▶ _Your objective_: Set the material down again exactly, line by line, skipping each picture.

▶ _Given information_:

------------------------------------------------------------

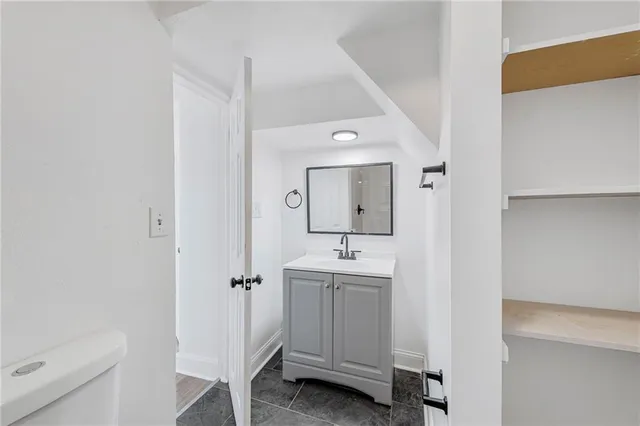 $324,990 | 18 West 79 Terrace, Kansas City, MO 64114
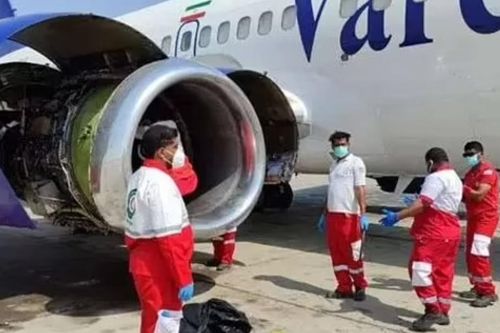 Bị hút vào động cơ máy bay Boeing 737, người thợ máy tử vong thương tâm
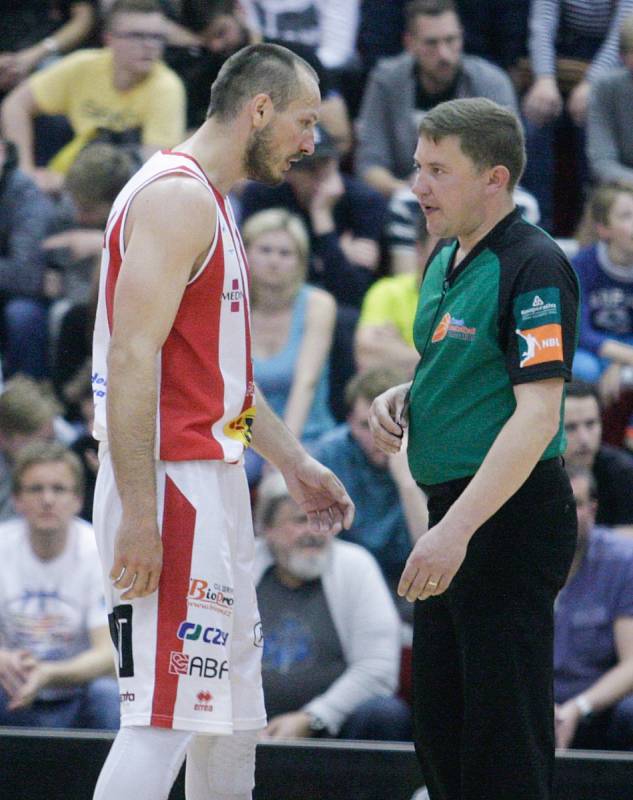 Basketbalové utkání play off Kooperativy NBL mezi BK JIP Pardubice (v bíločerném) a BK Armax Děčín (v černém) v pardubické hale na Dašické.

------------------------------------------------------------

▶ _Answer for this exercise_:
 $324,990 | 18 West 79 Terrace, Kansas City, MO 64114
 Bị hút vào động cơ máy bay Boeing 737, người thợ máy tử vong thương tâm
 Basketbalové utkání play off Kooperativy NBL mezi BK JIP Pardubice (v bíločerném) a BK Armax Děčín (v černém) v pardubické hale na Dašické.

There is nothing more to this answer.